In the Supreme Court case, the shareholders of Company D filed a shareholder derivative lawsuit against the then-representative director E, director F and other outside directors of Company D for damages in the amount of the KFTC’s administrative fine imposed against Company D resulting from its practices of bid-rigging in the market.
The trial court held that only representative director E breached his duty to monitor Company D’s officers and employees.
However, the Seoul High Court expanded the scope of liability to recognize that the other directors (including director F), besides representative director E, also breached their duty to monitor and supervise. The Seoul High Court ruled that “even if the defendants were unaware of, could not have been aware of, or had no circumstance to suspect bid-rigging because they were not involved in or reported on the bidding for individual construction projects, the defendants (director F and others) breached their duty to monitor by failing to establish a reasonable information and reporting system and an internal control system that may have caught these illegal bid-rigging acts by the officers and employees and to ensure that such system works properly.”

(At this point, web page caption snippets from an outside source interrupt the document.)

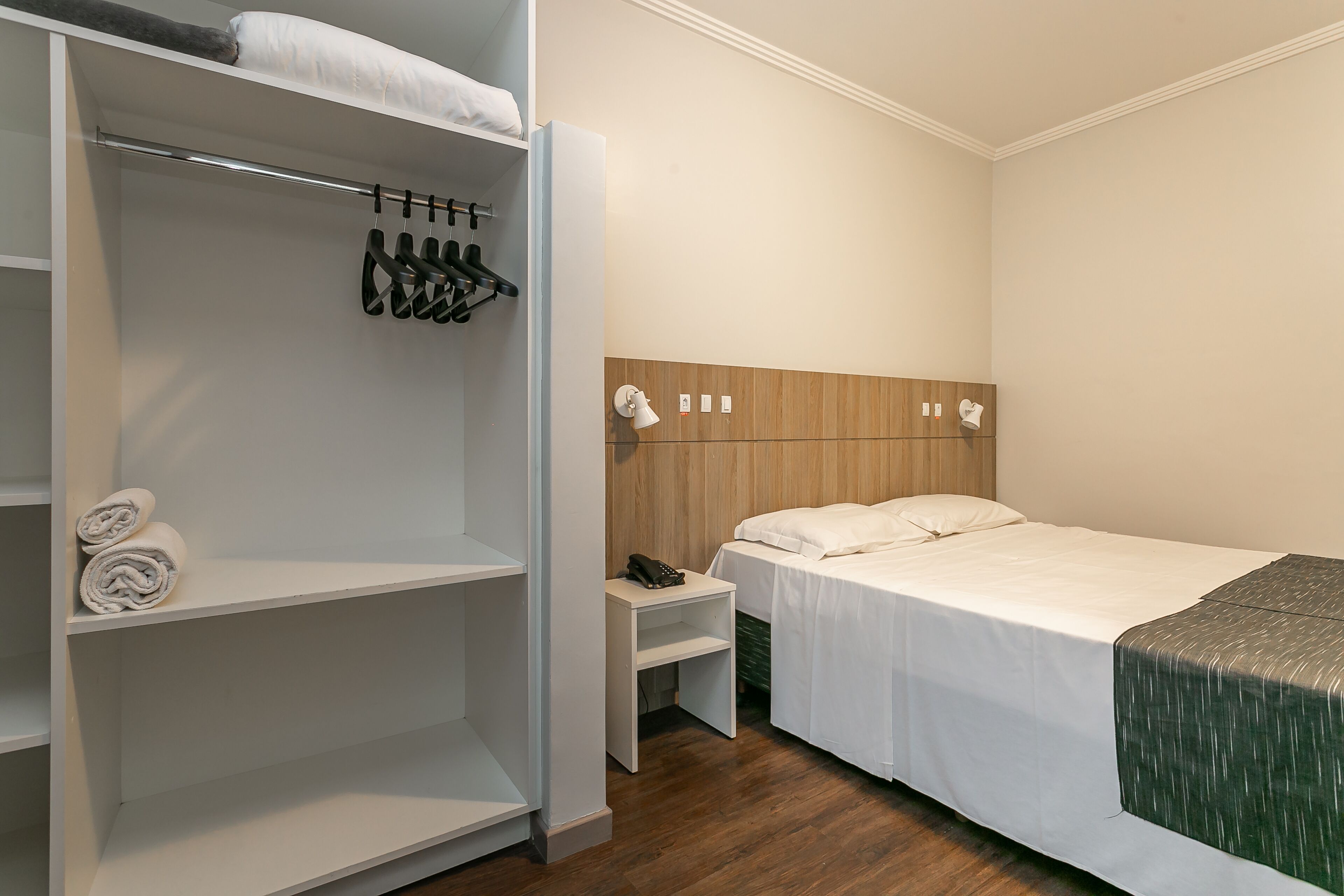 Habitación de hotel con una cama bien hecha, una mesita de noche con lámpara, cabecero de madera y armario con zapatos colgados.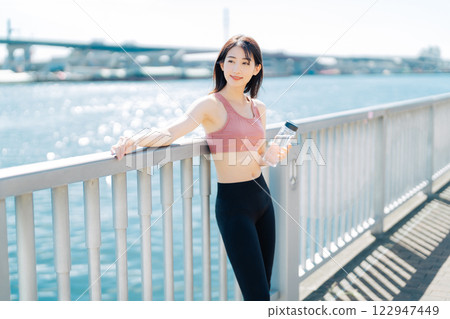 Outdoor fitness image of young woman 122947449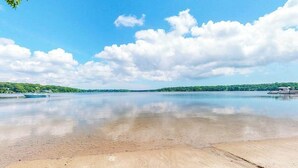 A wide river with boats, clear skies, and distant greenery. - Luxe lakefront home on Follins Pond with private beach, amazing decks & yard (Yarmouth Port)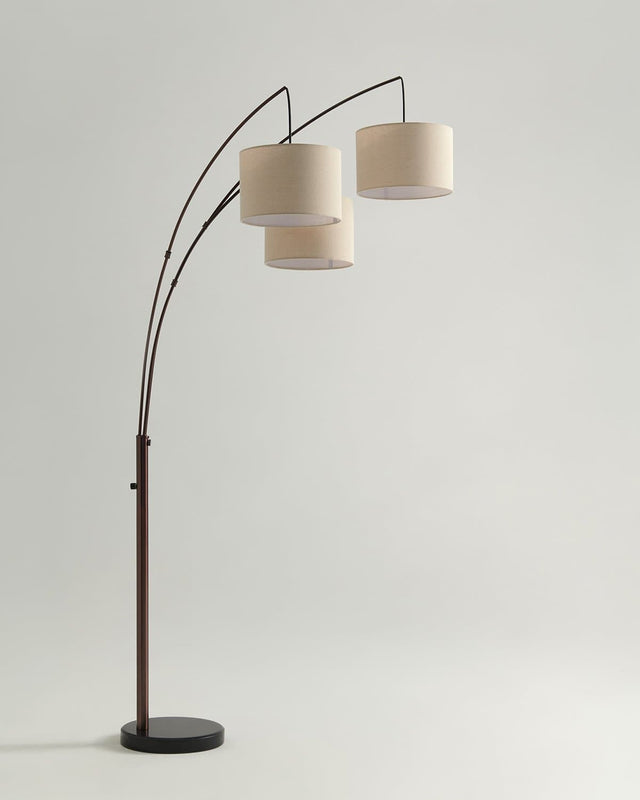 Bronze floor lamp with three curved arms carrying three linen drum shades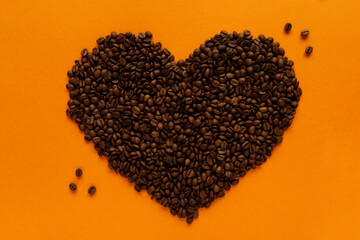 aroma coffee beans in the heart shape on orange background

In this regard, the above Supreme Court decision dismissed the appeal and affirmed the lower court’s decision. In addition, it set out the criteria for determining whether outside directors have breached their monitoring duty by explaining, “however, in the case of outside directors that are not in charge of the company’s business affairs, they may be recognized to have breached their duty to monitor if they (i) have failed to make any efforts to call for the establishment of an internal control system where the company does not have any such system in place, or (ii) even if the company has an internal control system, the outside directors have ignored or neglected circumstances to suspect that it is not being operated properly. The Supreme Court added, “in a case where a director is liable for damages to his/her company arising from his/her violation of laws, regulations or the company’s articles of incorporation by willful misconduct or negligence, or negligence in performing duties, the amount of damages may be limited in light of the guiding principle of the damage compensation system—i.e., equitable apportionment of damages. In doing so, the overall circumstances shall be taken into account, including the following: (i) the substance and nature of the business; (ii) the circumstances leading up to and specific aspects of the director’s breach of duties; (iii) the objective circumstances and degree of the director’s involvement in the occurrence and aggravation of the damage; (iv) the director’s usual level of contribution to the company; (v) whether the director benefited from the breach of duties; (vi) whether there exists any defect in the company’s organizational system; and (vii) whether a risk management system has been established. In this case, it is the prerogative of the trial court to find facts relating to the grounds for limiting the damages amount or determine the ratio of limitation, unless it is significantly unreasonable in light of the principle of equity to do so (see, e.g., Supreme Court Decision 2007Da34746, Oct. 11, 2007).” This decision reaffirmed the consistent view of the existing Supreme Court precedents and upheld the lower court’s decision that limited the director’s liability for damages in light of the overall circumstances.
The Supreme Court’s affirmation above made the prevailing view of the precedents even clearer: even directors (including outside directors), besides the representative director, can be held liable for breaching their duty to monitor through an internal control system, and the liability would remain the same even if they were unaware of, could not have been aware of, or had no circumstance to suspect bid-rigging.